It may be that, as the Asset Purchase Agreement was being drafted, people were working quickly. It may be that Novell had all sorts of leverage over old SCO during the time of drafting the Asset Purchase Agreement. That doesn't change the outcome. We look at what the contract says, not what the business people might have thought was the essence of the deal.
Now, here, we have one additional important fact, if you will, that reinforces this basic point I'm driving at. There were three months between the signing of the Asset Purchase Agreement and the signing of Amendment Number 1. This provision was heavily focused on. 4.16 is a major focus of Amendment Number 1. There was a lot of opportunity to tweak the language if tweaking would have better conformed the agreement to some different notion of what the transaction was all about.
But, in particular, the language, "all royalties, fees and other amounts due, under all SVRX licenses" didn't change. SVRX royalties in Amendment Number 1 was used as a category. There are various carve outs from the category, but those carveouts confirm that the set SVRX royalty is a very large set because certain
things were exempted from the set explicitly. They weren't said -- it wasn't not said that these things are not SVRX royalties. It was said that these things which are not SVRX royalties are not part of the payment remittance obligation that SCO incurs.
So, these elements of the set help define the set, and that was done three months after the Asset Purchase Agreement was signed. So that's the first "all," all royalties fees and other amounts due.
Then the second "all," all SVRX licenses as listed in detail under Item 6 of Schedule 1.1A hereof and referred to herein as SVRX royalties.
Now, this part has provoked all sorts of consternation and argumentation on the other side. What is an SVRX license, they ask. The list of programs that is identified under Section 1.1A makes this a non-issue as far as this motion is concerned because what we demonstrated in our papers is that if you take the SUN and Microsoft agreements and lay them against the list of programs in Schedule 1.1A, it's almost a -- it's a lay down. It's a perfect match up. It's almost as if they took Schedule 1.1A, added and subtracted a little bit from it, but used the exact formulations for the names of the programs in the SUN and Microsoft agreements.
So, we don't need to know the ultimate scope of
SVRX licenses. We don't need to know how far it could possibly reach in order to decide this motion. What we know is: If you take that list of programs and you lay it down against the exhibits in SUN and Microsoft, particularly NXB of the Microsoft agreement, the second payment provoking annex of the Microsoft agreement, it's a nearly perfect match up.
THE COURT: What does "nearly perfect" mean?
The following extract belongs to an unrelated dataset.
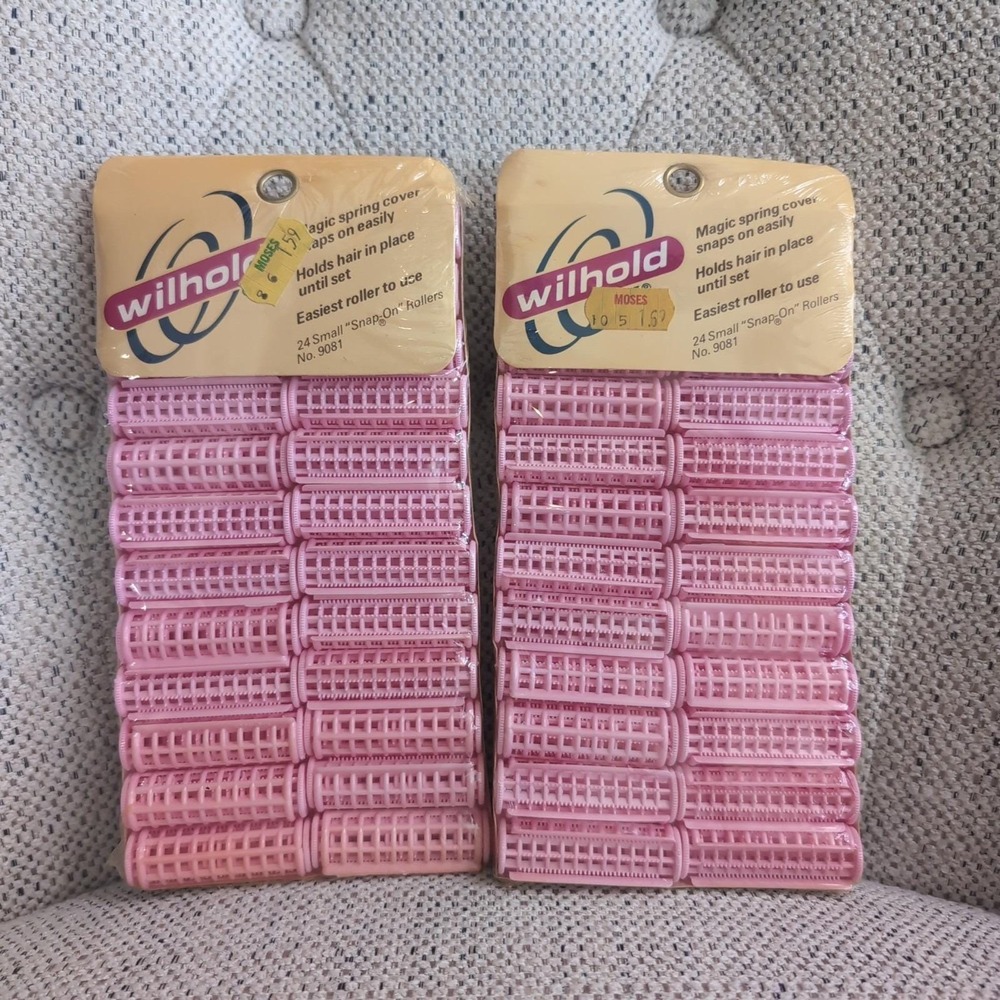 Vintage New Goody Small Snap-Over Rollers in Pink -  Two 20 Packs #9574/3  NOS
MR. JACOBS: Well, there are a few additions. I didn't notice any important subtractions. There are a few additions to the list. In annex B, it's two additions at the top, I think, and everything else lines up perfectly. So are these -- is there -- there are two questions to ask, I suppose. Are the SUN and Microsoft agreements SVRX licenses, or do they represent at least, in part, SVRX licenses? We think the answer to both is yes. The second. They are at least in part an SVRX license. We think they are also SVRX licenses.
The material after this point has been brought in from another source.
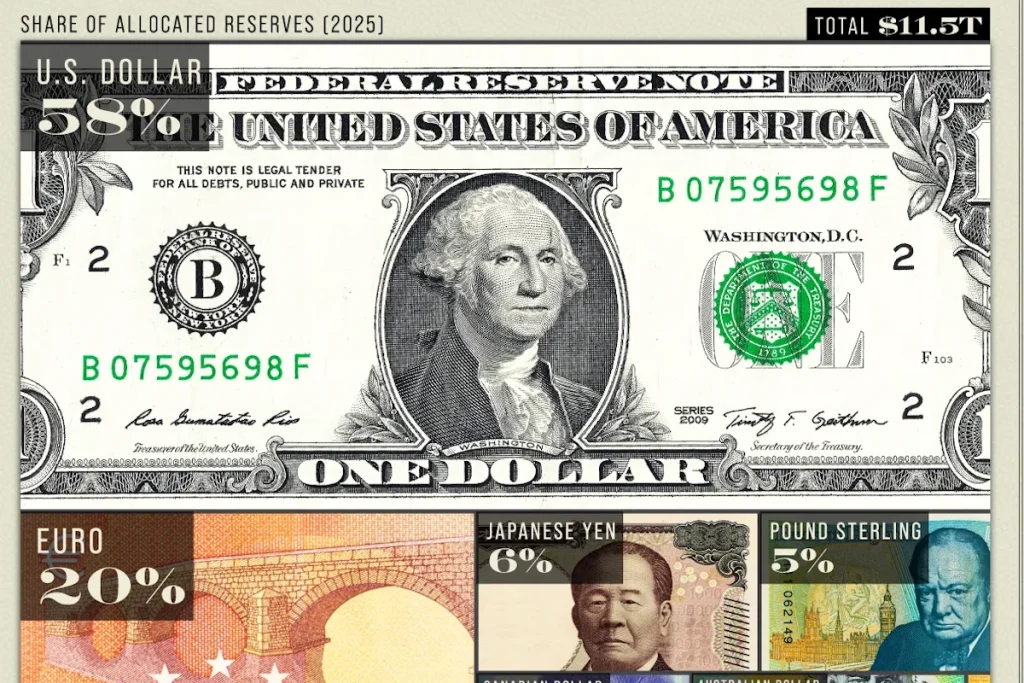 قدرتمندترین واحدهای پولی که به عنوان ذخایر ارزی جهانی نگهداری می‌شوند + اینفوگرافی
And this is where I think the fiduciary obligation starts to kick in. One of the obligations of a fiduciary is to make it possible for the principal to know whether you have collected on behalf of the principal or on behalf of yourself. And you have a duty to prevent the kind of commingling here that's gone on; not commingling only in the sense of the pot of money but
commingling in the agreements. So this is where I think the fiduciary duty aspect of this should tilt the -- any concerns that one might have about this lineup of programs against SCO.
They had a duty to do this in a way that would not provoke this kind of self-serving, "no, no we are not your fiduciary for this" sort of declaration that they have introduced....
So really this is a question about the importantance of the language of the contract as against the declarations of the business people that SCO submitted.
He said he wasn't telling the judge anything he didn't know about contract law. And that is true. But I am reproducing it because I thought Roger Parloff might want to take notes. He may not have followed that hearing. And second, now that SCO has in fact done what Mr. Singer told the judge, or implied to the judge, it wasn't about to do, I thought it might help all those trying to figure out how all this ties in with the bankruptcy, particularly the fiduciary responsibilities SCO had toward Novell.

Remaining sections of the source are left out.